Yesterday, Apple announced a new iPad Pro along with an updated keyboard case — now with a trackpad. The company also confirmed that it’s bringing laptop-like trackpad and mouse functionality to iPadOS, and it’s doing so sooner than some anticipated. The new context-aware cursor and other trackpad / mouse features are coming next week as part of the iPadOS 13.4 update.
But you don’t have to wait until then to get a feel for Apple’s approach to expanded trackpad and mouse support on the iPad. A public beta of the update is live right now, and once installed, you’ll be able to get going with a mouse or something like Apple’s Magic Trackpad if you want to test out the new multi-finger gestures.
It’s contextual, so it transforms into the tool you need depending on the content you’re pointing to, like buttons, app icons, and text. It’s perfect for tasks where you need an extra level of precision, like building a spreadsheet or editing text. You can also use intuitive trackpad gestures to quickly get around in iPadOS.
The big question is how close this will feel to a traditional pointer experience like on a Mac or PC. Apple software VP Craig Federighi said the company’s aim was to “bring a cursor to a touch-first environment.” What’s here will be what iPad owners will likely be stuck with until iPadOS 14. In my brief experience so far, it’s pretty intuitive and there aren’t any annoying surprises. You’ll obviously want to adjust settings to your liking; not everyone is a fan of “natural scrolling” and that can be adjusted in Settings —> General —> Trackpad and Mouse.
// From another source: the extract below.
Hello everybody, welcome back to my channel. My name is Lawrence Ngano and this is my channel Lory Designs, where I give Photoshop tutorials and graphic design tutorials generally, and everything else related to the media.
Scrolling speed can also be fine-tuned here.
Apple first added rudimentary mouse support in iPadOS 13 last year, but it was a barebones assistive technology that fell far short of this latest implementation.
How to get the iPadOS 13.4 GM build through Apple’s public beta
The version of iPadOS 13.4 that rolled out to developers and public beta testers late yesterday is almost certain to be the same software build that everyone will be able to install on March 24th. To get it, sign up for Apple’s beta program with your Apple ID using the iPad on which you want to install the update.
After that, you’ll be prompted to enroll your device and download a beta profile. Once you’ve done that, install the beta profile in settings, go through the usual software update flow, and you’ll be upgraded to 13.4. One note: if there’s a “Feedback” app added to your home screen after updating, just remove the beta profile in settings and the app will go away. Whenever iPadOS’s next release drops after version 13.4, you’ll be able to update through the normal process.